WHAT TO PRODUCE – Looking at the listing below, retype exactly the lines starting at the one containing "I did buy a" and ending at the one containing "This is the", both included, and nothing else.

SUPPLIED DATA –
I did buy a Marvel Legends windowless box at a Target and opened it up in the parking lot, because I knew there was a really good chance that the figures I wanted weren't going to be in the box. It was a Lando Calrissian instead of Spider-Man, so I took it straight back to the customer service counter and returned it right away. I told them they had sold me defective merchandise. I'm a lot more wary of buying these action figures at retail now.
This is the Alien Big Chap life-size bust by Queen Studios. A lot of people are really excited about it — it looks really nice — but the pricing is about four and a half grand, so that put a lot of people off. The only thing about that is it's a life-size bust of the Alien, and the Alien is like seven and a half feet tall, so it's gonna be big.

---

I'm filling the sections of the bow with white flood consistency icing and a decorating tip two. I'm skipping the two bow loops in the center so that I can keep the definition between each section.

==

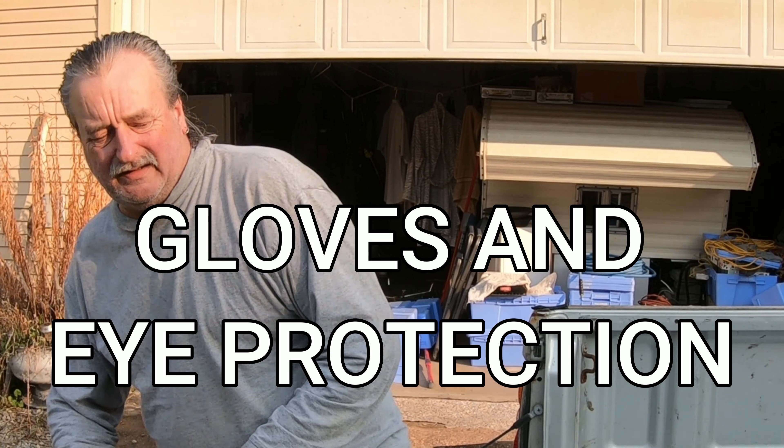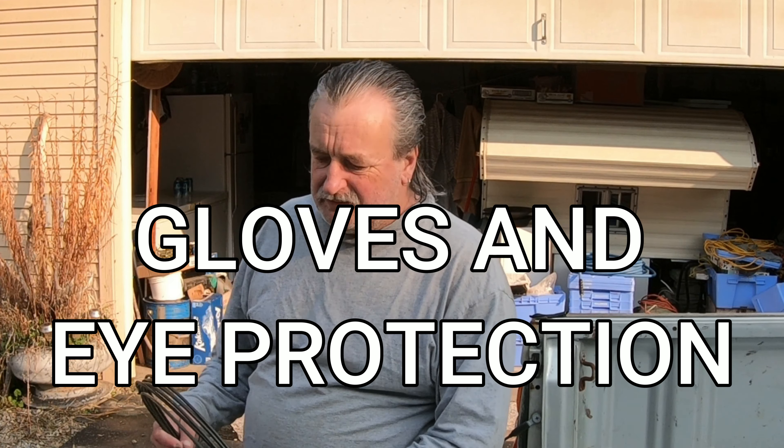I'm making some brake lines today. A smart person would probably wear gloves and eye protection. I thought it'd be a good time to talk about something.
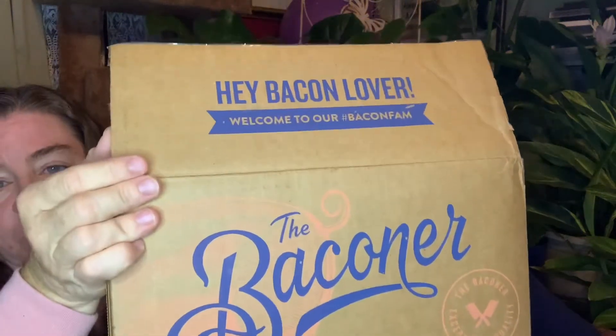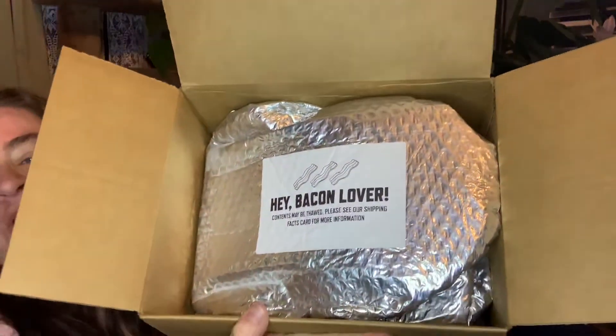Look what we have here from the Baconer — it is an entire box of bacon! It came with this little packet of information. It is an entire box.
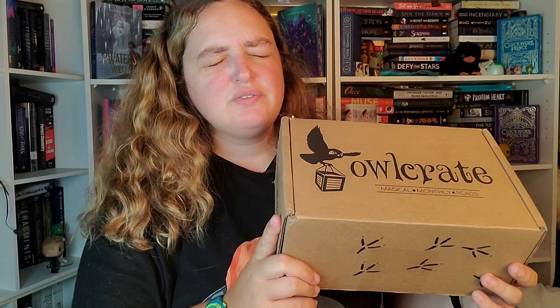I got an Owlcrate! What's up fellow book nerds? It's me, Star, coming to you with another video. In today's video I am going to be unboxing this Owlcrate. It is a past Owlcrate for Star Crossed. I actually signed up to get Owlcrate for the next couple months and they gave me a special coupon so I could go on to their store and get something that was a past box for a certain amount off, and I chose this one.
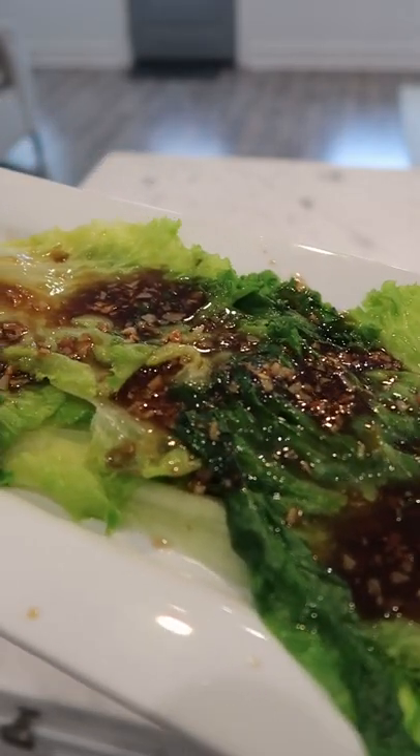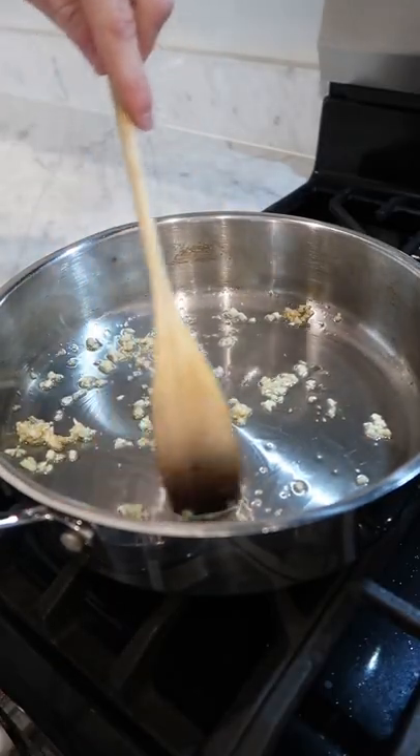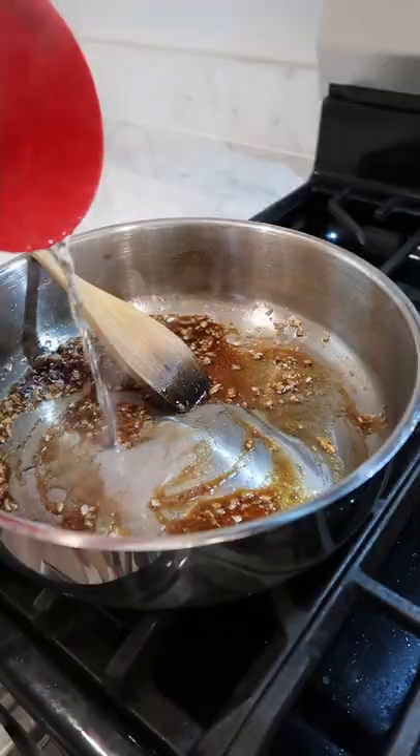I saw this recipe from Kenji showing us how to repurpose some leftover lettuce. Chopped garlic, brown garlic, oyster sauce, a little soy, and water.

WRITTEN ANSWER –
I did buy a Marvel Legends windowless box at a Target and opened it up in the parking lot, because I knew there was a really good chance that the figures I wanted weren't going to be in the box. It was a Lando Calrissian instead of Spider-Man, so I took it straight back to the customer service counter and returned it right away. I told them they had sold me defective merchandise. I'm a lot more wary of buying these action figures at retail now.
This is the Alien Big Chap life-size bust by Queen Studios. A lot of people are really excited about it — it looks really nice — but the pricing is about four and a half grand, so that put a lot of people off. The only thing about that is it's a life-size bust of the Alien, and the Alien is like seven and a half feet tall, so it's gonna be big.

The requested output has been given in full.